Currently (2018-) a very satisfying scholarly edition of the Samaritan Pentateuch (SP) is being prepared and published by prof. dr. Stefan Schorch, University of Halle, at De Gruyter Publishing. Thanks to his digitization of Ms. Dublin Chester Beatty Library 751 (1225 AD), the oldest complete SP manuscript, our Copenhagen research group has been able to publish a linguistically annotated dataset of this manuscript at https://github.com/DT-UCPH/sp. Little research has been done on SP orthography, and most of what is known is stated in general terms: SP has fuller orthography than the Masoretic Text (MT), i.e., SP will much more often use vowel letters for historically long vowels.

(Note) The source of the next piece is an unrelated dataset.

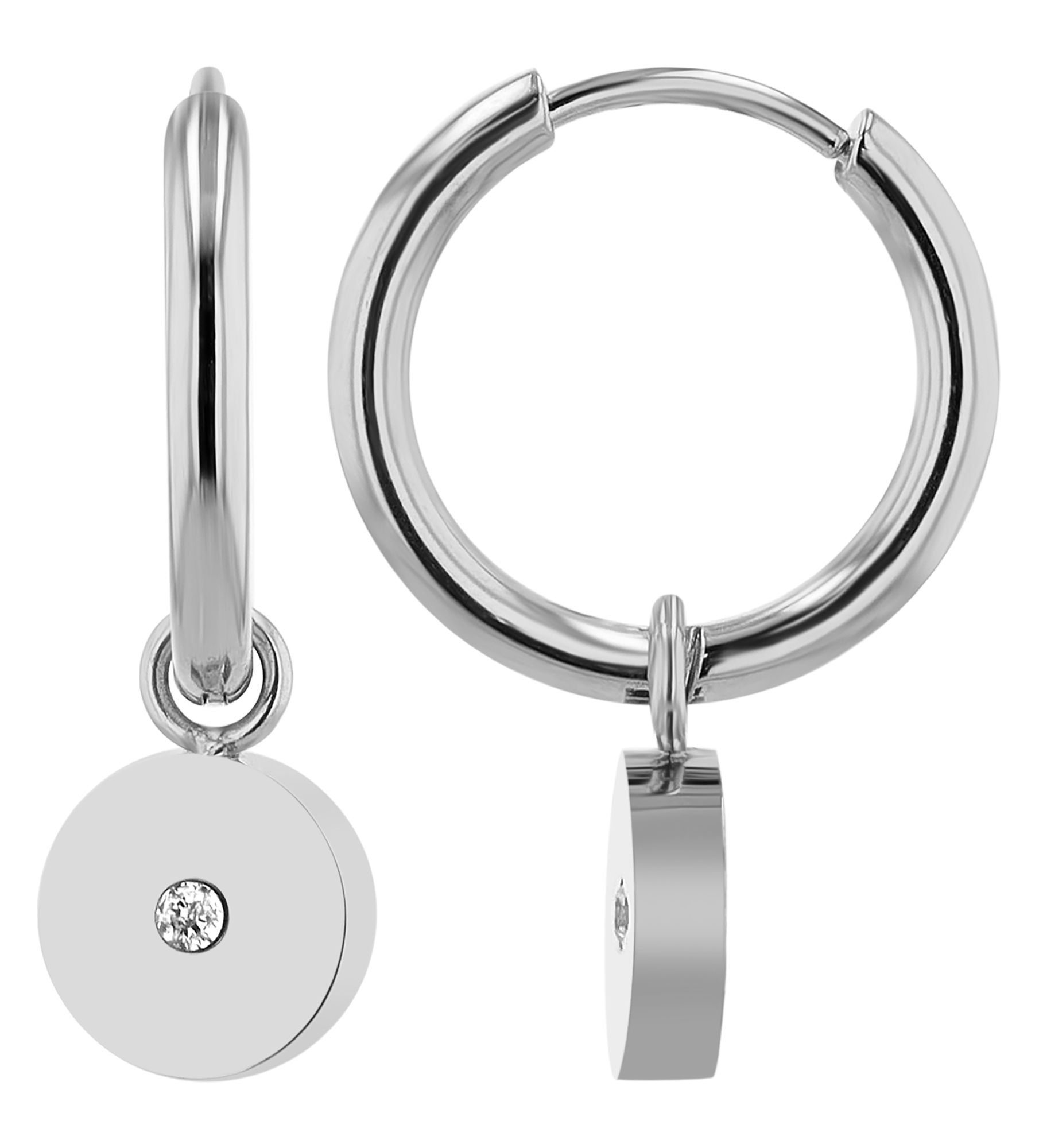 "Stintje" Edelstahl Creole Ø 12 mm, runder Anhänger (abnehmbar), silberfarben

This lack of research is probably partly explainable by reference to the flawed character of older editions of SP. Our research group is working on a large-scale project analyzing ancient Hebrew orthography on the basis of more evidence than earlier, mostly MT-based studies. We thus take into account the spelling of both MT, DSS and SP, and we are trying to figure out more precisely which factors influence the use of vowel letters, such a diachrony, ‘Qumran Scribal Practice’, presence of affixes, etc. Our orthography project is a case study in digital humanities (DH). We are trying to figure out how to apply machine learning and advanced Bayesian statistics so as to learn new things about ancient languages. The paper will introduce the SP and will present our findings with respect to SP spelling. We will also present the DH methods that we use.